The first thing to note is that this is part of Barth's doctrine of God. It fits here because for Barth God's gracious election is fundamental to our understanding of who God is. "If it is true, then, that this Subject is disclosed only in the name of Jesus Christ, that it is wholly and entirely disclosed in Him, then we cannot stop at this point, defining and expounding the Subject only in and for itself" (II/2, 5). The God we come to know in Christ cannot be considered apart from his gracious election of a partner without dangerous abstraction from revelation. The only way we know God is through Christ, and so the only God we know is the God who loves in freedom.
There are two main aspects of the election of grace. On the one hand, the word 'grace' tells us that we are dealing with "a divine benefit or favour" (10). More than that, "It is love in the deepest condescension. It occurs even when there is no question of claim or merit on the part of the other. It is love which is overflowing, free, unconstrained, unconditioned" (10). In Jesus Christ, God is gracious. On the other hand, the word 'election' tells us that this involves choice. "First and foremost this means that God makes a self-election in favour of this other" (10). Although having no need of any partner, God wills himself as the partner of another. He chooses this for himself, and therefore he chooses the other. This just underlines the concept of grace: "God owes his grace to no-one, and... no-one can deserve it" (11). If they nevertheless receive it, it is all of God.
Barth is clear that the doctrine of election should be for us a "proclamation of joy", "not a mixed message of joy and terror, salvation and damnation" (13). "It does, of course, throw a shadow" (13), but this shadow does not undermine its character as fundamentally gospel. God has chosen to be the God who is with us and for us, and as such has chosen us for himself. Therefore, "the election of grace is the sum of the gospel" (13). For Barth, the fact that many of the classical expositions of the doctrine (e.g. Augustine and Calvin) have left it with two equal faces shows that they have fallen prey to abstraction and not adhered to the revelation of God in Christ - even though he accepts that it was their intention only to expound that revelation.
There are three concerns which Barth believes lie behind the doctrine. Firstly, the freedom of God. This is "the nerve of the doctrine" (19), and the reason it has always been asserted. God is free in his grace. "Grace cannot be called forth or constrained by any claim or merit, by any existing or future condition, on the part of the creature" (19). When God loves the creature, he does so in freedom.

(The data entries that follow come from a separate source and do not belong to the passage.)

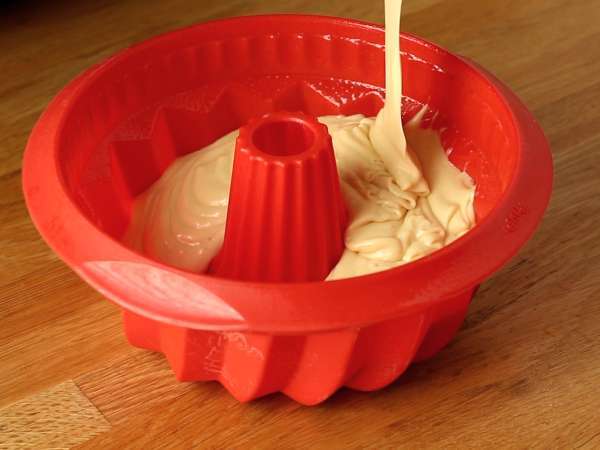 Kue Bundt Paskah dengan lemon dan cokelat putih - Persiapan langkah 4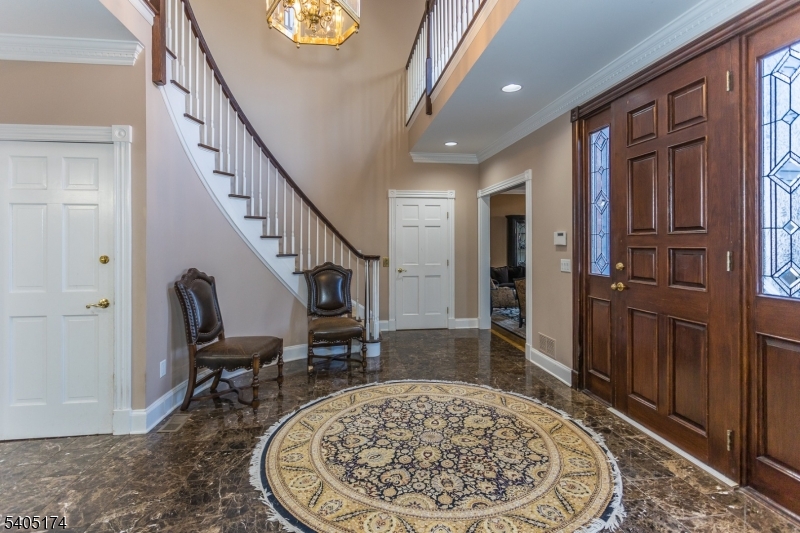 7 Beacon Hill Dr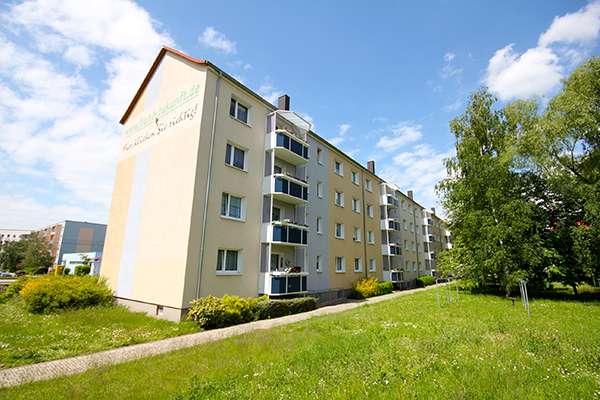 Thumbnail-Wohnung zum Mieten in Halle (Saale) 355,00 € 49.28 m²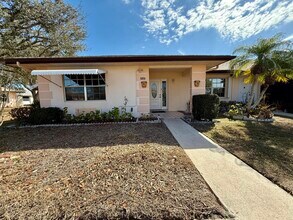 Building Photo - 5850 Summerfield Ct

Secondly, the mystery of God. We cannot pry into God's designs and plans. "We were not admitted to the counsel of God as He made His election, nor can we subsequently call Him to give account" (20). It is the will of God, and that is enough.
Thirdly, the righteousness of God. When we are silenced by God's election, it is not by a brute fact or by force. "It is not that our mouth is stopped... It is rather because our ears have heard the Therefore which is the truly satisfying and convincing answer to every Wherefore" (22). In his election, God himself communicates himself to us, He has "given us Himself as the answer" (22), and if that is not enough for us then we are fools.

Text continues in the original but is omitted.